Carmen Pequeno doesn't make it a habit of getting up early on weekend mornings to scrub headstones in a cemetery.
But she did Saturday to honor America's fallen soldiers. So did 506 of her Western Michigan University classmates.
The business students, mostly freshmen and first-year transfers, were preparing Fort Custer National Cemetery for Veterans Day celebrations on Nov. 11.
Freshman Pequeno grabbed a sponge, filled a bucket with water and a biodegradable cleaning solution and scrubbed headstones for two hours.
"It was nice that they had us do that because most people wouldn't come clean gravestones," Pequeno said. "It was rewarding. I feel good about doing it."
Open year-round, Fort Custer officials offered the cemetery for the university's fifth annual community service project.
The students began scrubbing headstones at 9 a.m. and had cleaned between 8,000 and 10,000 before they boarded their buses for the short ride back to Kalamazoo.
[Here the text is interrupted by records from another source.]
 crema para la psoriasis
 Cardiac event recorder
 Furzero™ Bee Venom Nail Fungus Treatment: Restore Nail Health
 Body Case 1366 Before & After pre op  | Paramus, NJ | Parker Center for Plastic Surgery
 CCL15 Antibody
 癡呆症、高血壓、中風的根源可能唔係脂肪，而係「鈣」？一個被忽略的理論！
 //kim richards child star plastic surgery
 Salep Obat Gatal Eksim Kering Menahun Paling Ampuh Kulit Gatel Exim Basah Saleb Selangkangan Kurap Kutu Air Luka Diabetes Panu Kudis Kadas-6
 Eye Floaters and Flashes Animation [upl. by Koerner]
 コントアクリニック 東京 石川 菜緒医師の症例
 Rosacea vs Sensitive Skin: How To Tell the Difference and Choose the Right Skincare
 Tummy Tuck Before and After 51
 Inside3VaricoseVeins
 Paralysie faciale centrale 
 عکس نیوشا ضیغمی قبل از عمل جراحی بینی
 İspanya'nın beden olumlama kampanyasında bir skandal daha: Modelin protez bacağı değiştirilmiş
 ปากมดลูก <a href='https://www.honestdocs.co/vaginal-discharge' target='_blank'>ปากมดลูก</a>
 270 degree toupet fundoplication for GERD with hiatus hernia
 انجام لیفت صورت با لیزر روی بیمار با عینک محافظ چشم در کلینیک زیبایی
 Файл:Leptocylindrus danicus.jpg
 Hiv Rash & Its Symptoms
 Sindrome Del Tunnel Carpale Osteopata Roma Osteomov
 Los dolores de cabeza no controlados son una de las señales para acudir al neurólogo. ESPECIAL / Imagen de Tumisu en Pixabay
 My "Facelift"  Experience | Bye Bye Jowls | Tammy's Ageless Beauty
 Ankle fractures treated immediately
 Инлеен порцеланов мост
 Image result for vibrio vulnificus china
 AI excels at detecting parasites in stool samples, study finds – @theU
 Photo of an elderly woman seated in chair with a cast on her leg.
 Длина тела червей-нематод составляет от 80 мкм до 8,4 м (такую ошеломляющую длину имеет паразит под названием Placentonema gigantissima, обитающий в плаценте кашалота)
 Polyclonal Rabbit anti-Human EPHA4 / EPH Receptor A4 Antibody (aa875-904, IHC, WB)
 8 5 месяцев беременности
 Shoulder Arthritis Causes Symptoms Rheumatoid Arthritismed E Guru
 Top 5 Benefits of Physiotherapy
Michael O'Malley, an 18-year-old freshman from Chicago, cleaned about 20 headstones and said cleaning them was the right thing to do.
"Giving back to them is a good thing to do," O'Malley said. "It feels right."
Amari Parham, an advertising major from Kalamazoo, said she cleaned about six headstones.
"I think it's helpful because my grandpa was in the Navy and, I guess, someone will someday be cleaning his grave," she said.
Cemetery Director Mark Polen and his workers thanked the students and applauded them before they boarded their buses.
"The impact of this program is significant," Polen said. "These kids coming in and doing all this work cleaning the headstones, it's an amazing thing to watch."